The main character in Pink Floyd‘s early classic “See Emily Play” is certainly intriguing: She borrows other people’s dreams while crying after dark, putting on a long gown and floating on a river “forever and ever.” Her mystery is captured in a whimsical snapshot of the LSD era.
But who was Emily? Many have speculated since the track’s release on June 16, 1967. The most widely accepted — yet technically unconfirmed — answer is Emily Young. A future sculptor, she reportedly met Pink Floyd’s Syd Barrett in 1965 at the London Free School when she was only 15.
“I used to go there because there were a lot of Beat philosophers and poets around,” Young told the Independent in 2013. “There were fundraising concerts with the Pink Floyd Sound, as they were then called. I was more keen on poets than rockers. I was educating myself; I was a seeker. I wanted to meet everyone and take every drug.”
Describing the famously mercurial Barrett, Young added: “He was absolutely delicious. He was a natural poet and artist, a creature of the forest, like Puck in A Midsummer Night’s Dream. He was going through hell at the time because he was taking far too much acid, and he knew he was in danger.”
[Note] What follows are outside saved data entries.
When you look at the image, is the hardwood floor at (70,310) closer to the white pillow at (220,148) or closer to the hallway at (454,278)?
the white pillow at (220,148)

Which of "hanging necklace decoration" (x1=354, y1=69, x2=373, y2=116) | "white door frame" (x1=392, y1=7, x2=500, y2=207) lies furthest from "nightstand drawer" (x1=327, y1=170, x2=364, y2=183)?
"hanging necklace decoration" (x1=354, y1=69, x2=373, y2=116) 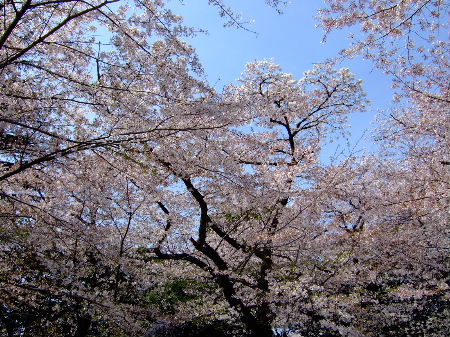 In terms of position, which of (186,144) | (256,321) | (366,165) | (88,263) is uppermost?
(366,165)

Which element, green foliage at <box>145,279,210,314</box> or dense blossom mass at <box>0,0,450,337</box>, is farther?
green foliage at <box>145,279,210,314</box>

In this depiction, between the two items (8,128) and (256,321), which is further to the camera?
(256,321)

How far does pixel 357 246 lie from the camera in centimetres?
800

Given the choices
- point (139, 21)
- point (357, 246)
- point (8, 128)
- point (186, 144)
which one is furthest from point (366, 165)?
point (8, 128)

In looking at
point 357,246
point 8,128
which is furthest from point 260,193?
point 8,128

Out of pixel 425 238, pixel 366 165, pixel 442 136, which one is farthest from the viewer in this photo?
pixel 366 165

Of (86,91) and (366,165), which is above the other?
(366,165)

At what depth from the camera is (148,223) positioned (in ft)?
28.3

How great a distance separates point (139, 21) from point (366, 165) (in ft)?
29.5

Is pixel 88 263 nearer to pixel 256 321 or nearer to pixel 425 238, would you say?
pixel 256 321

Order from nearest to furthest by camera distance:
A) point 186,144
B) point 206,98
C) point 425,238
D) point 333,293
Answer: point 206,98 < point 186,144 < point 333,293 < point 425,238

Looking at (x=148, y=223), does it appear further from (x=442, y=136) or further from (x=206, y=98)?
(x=442, y=136)

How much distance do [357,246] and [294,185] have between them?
2121 mm

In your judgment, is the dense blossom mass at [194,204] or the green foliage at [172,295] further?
the green foliage at [172,295]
Whoever Emily is — if she ever even existed — the character inspired one of Pink Floyd’s definitive Barrett-era songs: “See Emily Play” remains a densely layered psych-pop anthem with a winding vocal melody, loads of Richard Wright keyboards (Farfisa organ, tack piano, electric harpsichord) and a buzzing slide guitar effect achieved through unclear means. (Legend has it that Barrett used either a ruler or Zippo lighter to create similar sounds onstage.)
Watch Pink Floyd’s ‘See Emily Play’ Video
In its infancy, “See Emily Play” was titled “Games for May,” sharing a name with their May 1967 show at London’s Queen Elizabeth Hall. It was an appropriate event to showcase the new piece, as Pink Floyd unveiled a crude — yet incredibly trippy — form of quadrophonic sound. But the band rechristened the track for their stand-alone second single, issued three months after their first, “Arnold Layne.”
“We recorded it at Sound Techniques in Chelsea and the song sounded great,” drummer Nick Mason told Rock Cellar Magazine in 2020. “The studio engineer, John Wood, was really good so we very quickly loved the sound of it, but the interesting thing was that … once we’d gone home, [producer Joe Boyd] then went and did that sort of double-speed piano thing in the middle of it. And so, funnily enough, in a way, we were slightly outside having total control of it. I mean, I’ve no complaints about it.”
Sadly, this wild studio experiment didn’t make the U.K. edition of Pink Floyd’s first album, The Piper at the Gates of Dawn, but the appetizer release still paid dividends: “See Emily Play” became Pink Floyd’s first U.K. Top 10 hit, setting the table for one of rock’s game-changing debuts.
And in the decades since, the song’s wide-eyed mysteries have only grown more fascinating.